_Records to use_:

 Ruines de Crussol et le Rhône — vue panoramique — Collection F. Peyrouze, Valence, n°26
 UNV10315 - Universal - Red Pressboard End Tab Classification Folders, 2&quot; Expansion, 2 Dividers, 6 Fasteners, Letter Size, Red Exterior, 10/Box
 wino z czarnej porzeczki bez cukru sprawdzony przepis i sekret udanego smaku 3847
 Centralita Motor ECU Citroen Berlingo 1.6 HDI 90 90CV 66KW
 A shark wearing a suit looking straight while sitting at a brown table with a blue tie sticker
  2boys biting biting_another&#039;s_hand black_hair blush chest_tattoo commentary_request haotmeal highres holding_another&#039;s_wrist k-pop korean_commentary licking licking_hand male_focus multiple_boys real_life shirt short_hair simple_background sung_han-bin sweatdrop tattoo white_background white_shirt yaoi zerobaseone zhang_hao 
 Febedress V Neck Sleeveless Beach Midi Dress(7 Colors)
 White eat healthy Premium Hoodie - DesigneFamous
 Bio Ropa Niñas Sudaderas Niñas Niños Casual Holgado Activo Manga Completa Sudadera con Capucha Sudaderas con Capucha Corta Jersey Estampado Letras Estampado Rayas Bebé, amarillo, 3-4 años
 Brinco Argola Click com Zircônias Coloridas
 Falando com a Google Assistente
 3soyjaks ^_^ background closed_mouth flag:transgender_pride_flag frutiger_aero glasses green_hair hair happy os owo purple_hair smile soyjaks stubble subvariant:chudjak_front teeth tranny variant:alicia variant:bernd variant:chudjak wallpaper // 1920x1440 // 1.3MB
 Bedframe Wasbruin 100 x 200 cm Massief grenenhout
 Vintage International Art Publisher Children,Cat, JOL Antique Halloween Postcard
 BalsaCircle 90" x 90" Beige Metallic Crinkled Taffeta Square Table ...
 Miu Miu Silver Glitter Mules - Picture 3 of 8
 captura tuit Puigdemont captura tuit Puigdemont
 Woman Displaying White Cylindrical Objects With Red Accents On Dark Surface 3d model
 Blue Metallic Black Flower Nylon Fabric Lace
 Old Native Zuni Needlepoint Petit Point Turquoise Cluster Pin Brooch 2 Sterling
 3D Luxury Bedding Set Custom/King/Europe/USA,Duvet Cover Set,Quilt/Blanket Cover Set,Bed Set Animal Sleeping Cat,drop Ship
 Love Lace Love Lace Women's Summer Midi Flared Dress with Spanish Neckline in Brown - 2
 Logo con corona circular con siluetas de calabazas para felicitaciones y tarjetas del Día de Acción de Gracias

_Task directions_: Retype all of the entries precisely as they are.

_Exercise output_:
 Ruines de Crussol et le Rhône — vue panoramique — Collection F. Peyrouze, Valence, n°26
 UNV10315 - Universal - Red Pressboard End Tab Classification Folders, 2&quot; Expansion, 2 Dividers, 6 Fasteners, Letter Size, Red Exterior, 10/Box
 wino z czarnej porzeczki bez cukru sprawdzony przepis i sekret udanego smaku 3847
 Centralita Motor ECU Citroen Berlingo 1.6 HDI 90 90CV 66KW
 A shark wearing a suit looking straight while sitting at a brown table with a blue tie sticker
  2boys biting biting_another&#039;s_hand black_hair blush chest_tattoo commentary_request haotmeal highres holding_another&#039;s_wrist k-pop korean_commentary licking licking_hand male_focus multiple_boys real_life shirt short_hair simple_background sung_han-bin sweatdrop tattoo white_background white_shirt yaoi zerobaseone zhang_hao 
 Febedress V Neck Sleeveless Beach Midi Dress(7 Colors)
 White eat healthy Premium Hoodie - DesigneFamous
 Bio Ropa Niñas Sudaderas Niñas Niños Casual Holgado Activo Manga Completa Sudadera con Capucha Sudaderas con Capucha Corta Jersey Estampado Letras Estampado Rayas Bebé, amarillo, 3-4 años
 Brinco Argola Click com Zircônias Coloridas
 Falando com a Google Assistente
 3soyjaks ^_^ background closed_mouth flag:transgender_pride_flag frutiger_aero glasses green_hair hair happy os owo purple_hair smile soyjaks stubble subvariant:chudjak_front teeth tranny variant:alicia variant:bernd variant:chudjak wallpaper // 1920x1440 // 1.3MB
 Bedframe Wasbruin 100 x 200 cm Massief grenenhout
 Vintage International Art Publisher Children,Cat, JOL Antique Halloween Postcard
 BalsaCircle 90" x 90" Beige Metallic Crinkled Taffeta Square Table ...
 Miu Miu Silver Glitter Mules - Picture 3 of 8
 captura tuit Puigdemont captura tuit Puigdemont
 Woman Displaying White Cylindrical Objects With Red Accents On Dark Surface 3d model
 Blue Metallic Black Flower Nylon Fabric Lace
 Old Native Zuni Needlepoint Petit Point Turquoise Cluster Pin Brooch 2 Sterling
 3D Luxury Bedding Set Custom/King/Europe/USA,Duvet Cover Set,Quilt/Blanket Cover Set,Bed Set Animal Sleeping Cat,drop Ship
 Love Lace Love Lace Women's Summer Midi Flared Dress with Spanish Neckline in Brown - 2
 Logo con corona circular con siluetas de calabazas para felicitaciones y tarjetas del Día de Acción de Gracias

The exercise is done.